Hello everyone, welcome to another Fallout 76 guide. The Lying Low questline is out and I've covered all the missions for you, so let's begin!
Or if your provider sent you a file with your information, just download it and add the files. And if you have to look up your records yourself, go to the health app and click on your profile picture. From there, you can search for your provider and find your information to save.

--

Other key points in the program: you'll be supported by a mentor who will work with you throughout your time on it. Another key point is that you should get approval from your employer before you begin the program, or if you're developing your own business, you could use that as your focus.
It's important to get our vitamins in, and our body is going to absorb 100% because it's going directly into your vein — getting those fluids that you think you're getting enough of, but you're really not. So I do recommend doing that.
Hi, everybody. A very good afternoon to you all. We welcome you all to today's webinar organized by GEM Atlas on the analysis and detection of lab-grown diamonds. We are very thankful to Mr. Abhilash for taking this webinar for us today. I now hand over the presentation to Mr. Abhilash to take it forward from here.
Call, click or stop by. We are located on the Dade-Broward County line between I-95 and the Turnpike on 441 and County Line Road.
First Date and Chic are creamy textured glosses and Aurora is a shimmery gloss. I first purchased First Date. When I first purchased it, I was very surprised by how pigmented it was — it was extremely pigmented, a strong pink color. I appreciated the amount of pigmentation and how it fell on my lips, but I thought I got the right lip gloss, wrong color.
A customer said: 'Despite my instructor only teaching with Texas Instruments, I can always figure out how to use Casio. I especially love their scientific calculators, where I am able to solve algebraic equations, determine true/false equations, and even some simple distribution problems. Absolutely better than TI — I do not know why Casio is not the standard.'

* * *

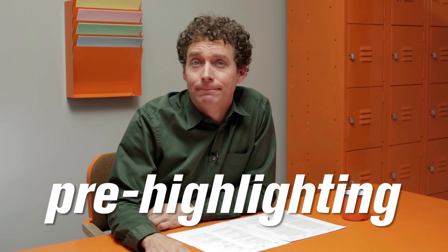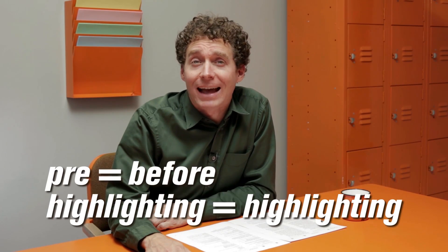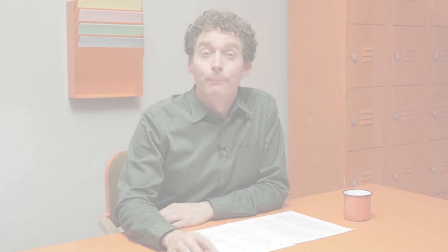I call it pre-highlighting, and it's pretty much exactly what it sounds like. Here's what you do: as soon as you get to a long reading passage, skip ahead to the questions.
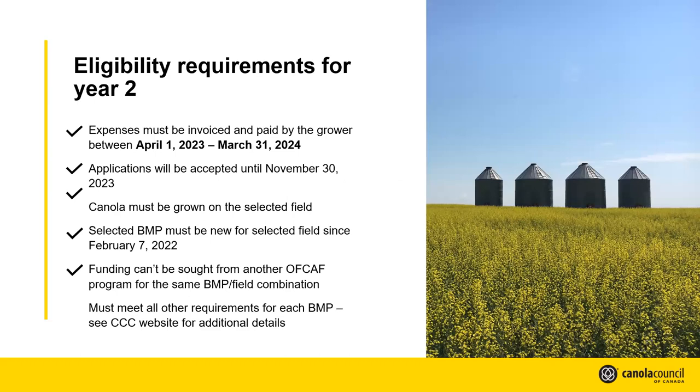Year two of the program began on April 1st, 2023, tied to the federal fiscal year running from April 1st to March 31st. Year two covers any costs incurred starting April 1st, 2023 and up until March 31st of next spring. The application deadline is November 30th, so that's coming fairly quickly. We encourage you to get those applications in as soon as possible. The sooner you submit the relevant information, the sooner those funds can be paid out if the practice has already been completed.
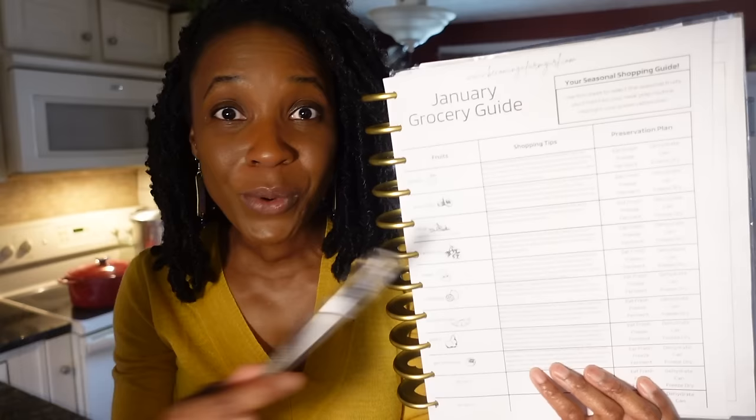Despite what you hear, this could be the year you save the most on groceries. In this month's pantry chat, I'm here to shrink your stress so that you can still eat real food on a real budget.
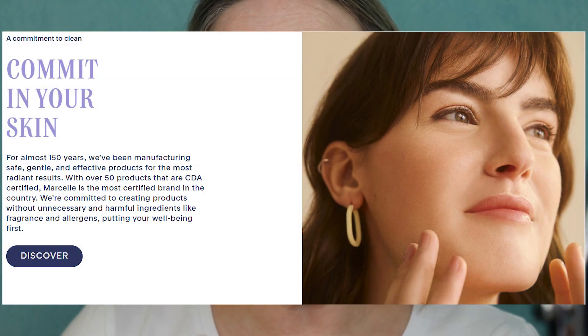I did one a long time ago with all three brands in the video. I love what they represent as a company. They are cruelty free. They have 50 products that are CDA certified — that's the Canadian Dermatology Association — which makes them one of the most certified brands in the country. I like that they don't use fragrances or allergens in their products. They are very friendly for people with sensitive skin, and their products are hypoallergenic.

▸ **ASSIGNMENT**: Transcribe, exactly and without additions, the lines of the records above, beginning with the line that contains "Hello everyone, welcome" and ending with the line that contains "Or if your provider", both included.

▸ **COMPLETED TASK**:
Hello everyone, welcome to another Fallout 76 guide. The Lying Low questline is out and I've covered all the missions for you, so let's begin!
Or if your provider sent you a file with your information, just download it and add the files. And if you have to look up your records yourself, go to the health app and click on your profile picture. From there, you can search for your provider and find your information to save.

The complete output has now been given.